Task » Only the lines from the one containing "For Chevy Chevrolet" to the end of the data should be copied, exactly and without pictures.

Data provided »
*** Begin section ***

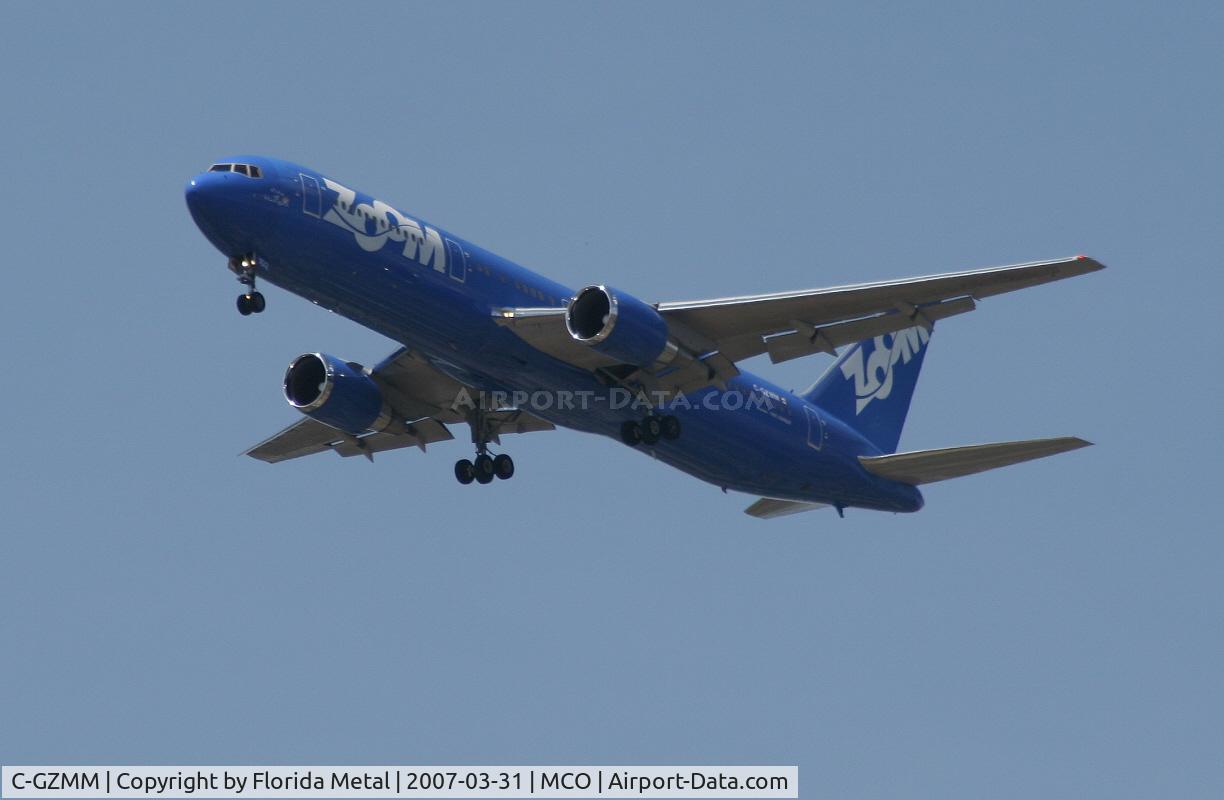 C-GZMM, 1993 Boeing 767-328/ER C/N 27136, Zoom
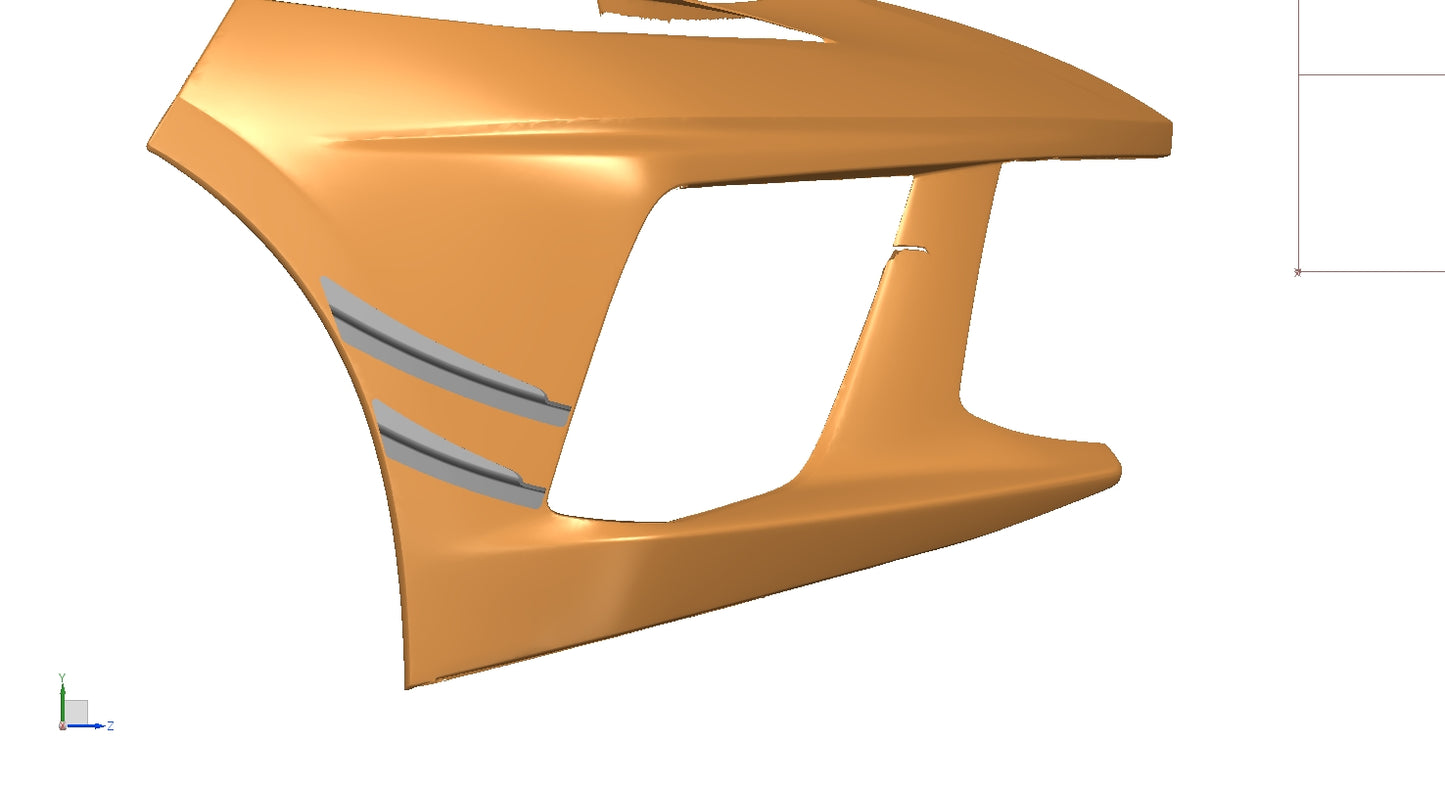 For Chevy Chevrolet Corvette C8 Stingray Coupe Z06 Z51 2020-2024 Front Bumper Spoiler Lip Splitter Cover Carbon Fiber Exterior Trim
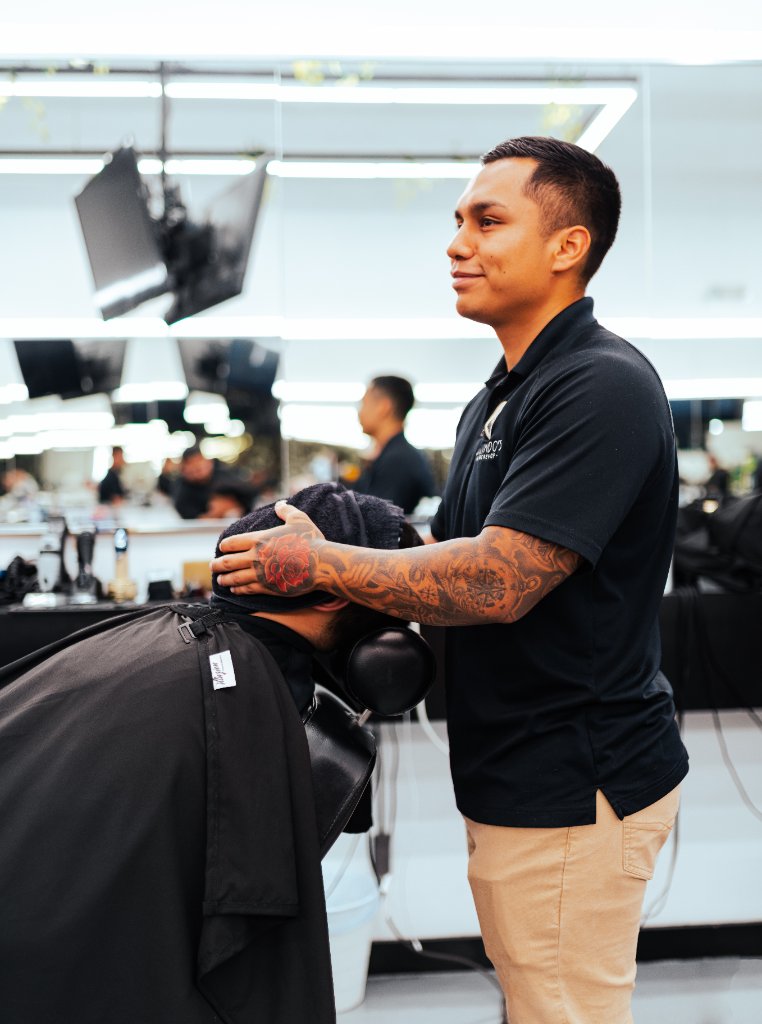 Taper fade haircut in Conroe TX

*** End section ***

Exercise answer »
 For Chevy Chevrolet Corvette C8 Stingray Coupe Z06 Z51 2020-2024 Front Bumper Spoiler Lip Splitter Cover Carbon Fiber Exterior Trim
 Taper fade haircut in Conroe TX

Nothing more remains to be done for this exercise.